I love the Marriott, an oasis in a big city - stayed there 2 yrs ago.  Rooms are smallish but very nice.   Pity you're not into shopping because the Marriott is in the center of Orchard Rd where all the shops are so I'll tell you about the local food.  Next door to Marriott's  is Tang's Dept store - there is a small food court in the lower level - opens around 11 am.  You should try the Nonya (cross between Malay and Chinese) pastries Dah-Dah ( looks like little green soft egg rolls -Coconut/palm sugar rolled up in crepes) and Pie Tees (little pastry baskets with savory meat/veggies).  2 buildings down is the Lucky Plaza - we used the money changers there - rates are better than banks and the ones inside have better rates, so check around.  There are two food courts in the basement and food stalls on other floors.  This is where you can check out and eat the local ethnic foods and they're cheap.  For Indonesian curry & Malay dishes, try Rendezvous at the Renvezdous hotel (Between marriott and Raffles hotel).  There are also many wet markets and hawker centers where you can get good hawker foods -this is quintessential Singaporean.  If you like airconditioning, try the Rice Table, a short walk from the Marriott - just ask the concierge.  

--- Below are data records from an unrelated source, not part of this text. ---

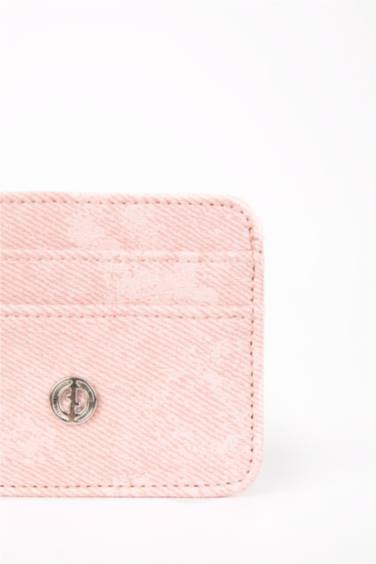 Woman Denim Card Holder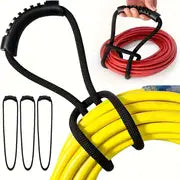 3pcs 60cm/24in Storage Strap With Handle, Extension Cord Organizer, Hose Holder, Storage Space Saving, Air/Water Hose Organizer For Your Home, Garage, Boat, RV And More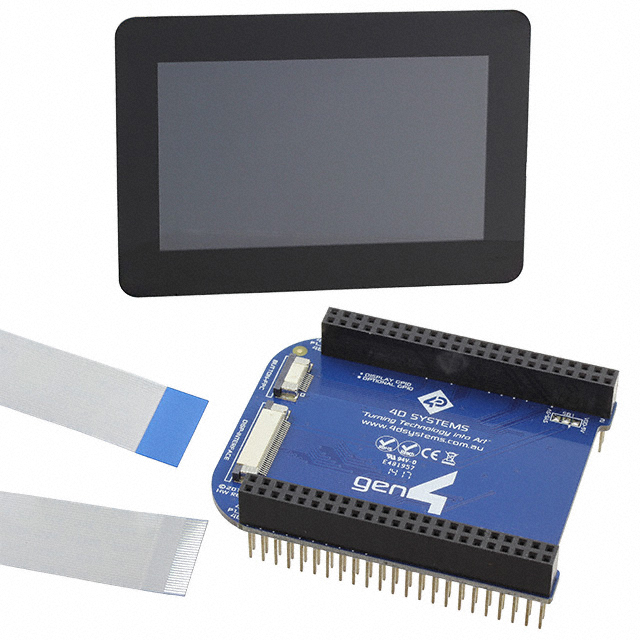 LCD CAPE 4.3" CAP TOUCH
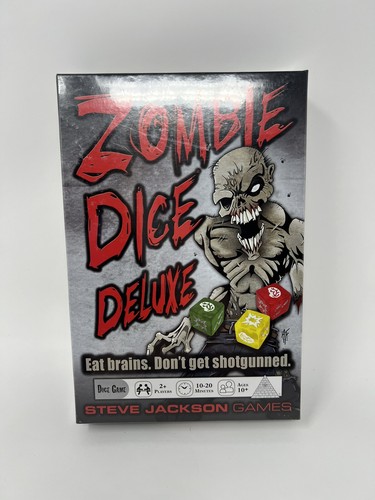 Zombie Dice Deluxe Edition Steve Jackson Spiele SJG 131348 Familie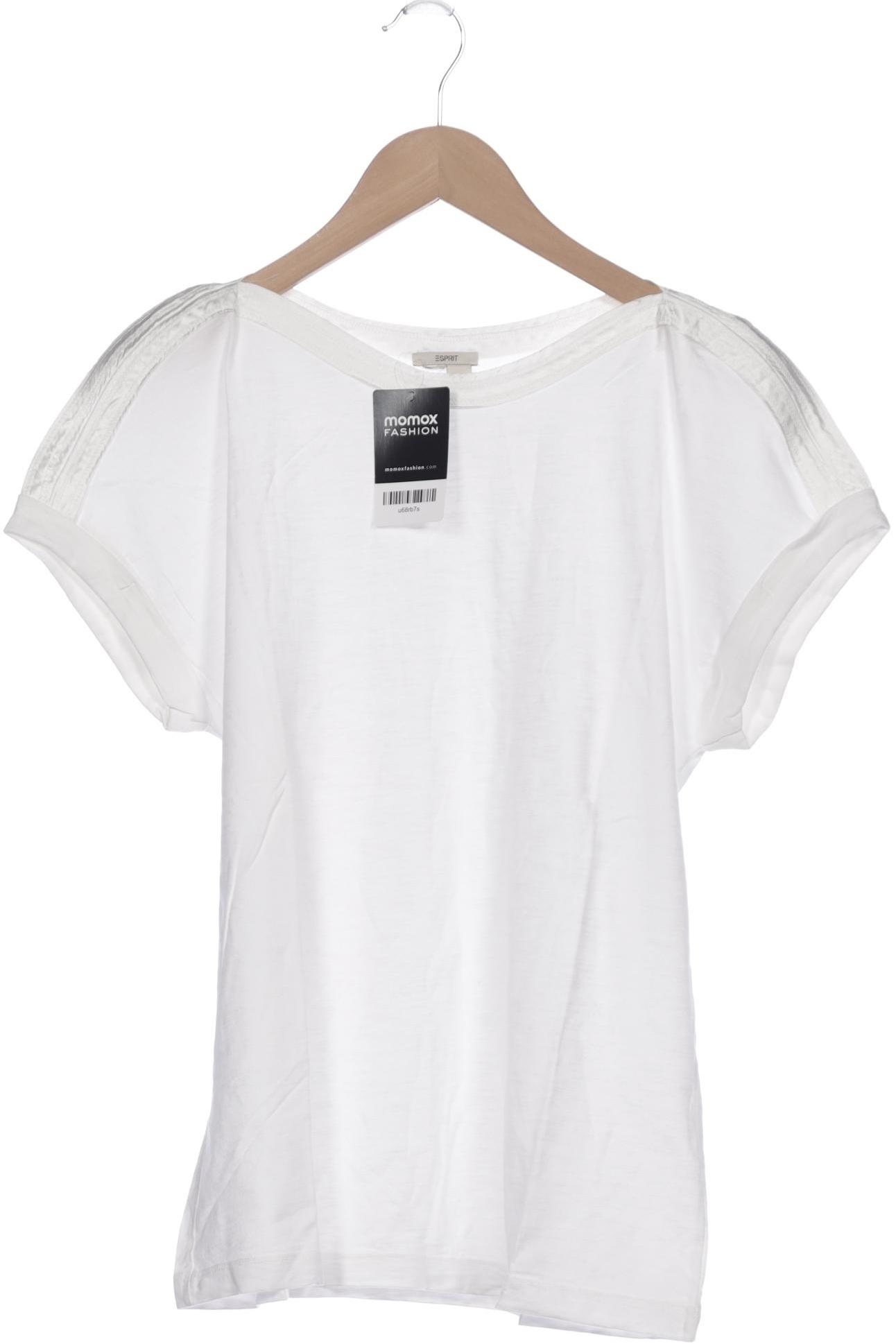 

Esprit Damen T-Shirt, weiß, Gr. 42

Taxis are cheap or you can take the impressive MRT around.  At Little India, there is a dept store called Mustafa ( MRT and a little walk will get you there fr the hotel).  What's unusual is the jewlery store on the top floor (the way up is not easy to find) - full of eye-popping gold jewelry and very reasonable.  The service is rude and almost non-existant but I like going there for the bargains and it's also different.  On the whole, you will find Singaporeans rather rude - this is because they are reserved and wary of strangers.  If they know you, they will bend over backwards for you.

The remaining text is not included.